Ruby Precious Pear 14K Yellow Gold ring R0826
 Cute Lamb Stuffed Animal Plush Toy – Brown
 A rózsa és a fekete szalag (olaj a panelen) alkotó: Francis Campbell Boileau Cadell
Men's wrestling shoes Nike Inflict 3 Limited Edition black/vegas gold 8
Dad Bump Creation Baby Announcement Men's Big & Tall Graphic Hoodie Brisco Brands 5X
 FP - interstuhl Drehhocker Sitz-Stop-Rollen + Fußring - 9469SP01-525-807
----------------
* [TASK OBJECTIVE]: Give all the records again. Match them exactly.

* [REPLY]:
Ruby Precious Pear 14K Yellow Gold ring R0826
 Cute Lamb Stuffed Animal Plush Toy – Brown
 A rózsa és a fekete szalag (olaj a panelen) alkotó: Francis Campbell Boileau Cadell
Men's wrestling shoes Nike Inflict 3 Limited Edition black/vegas gold 8
Dad Bump Creation Baby Announcement Men's Big & Tall Graphic Hoodie Brisco Brands 5X
 FP - interstuhl Drehhocker Sitz-Stop-Rollen + Fußring - 9469SP01-525-807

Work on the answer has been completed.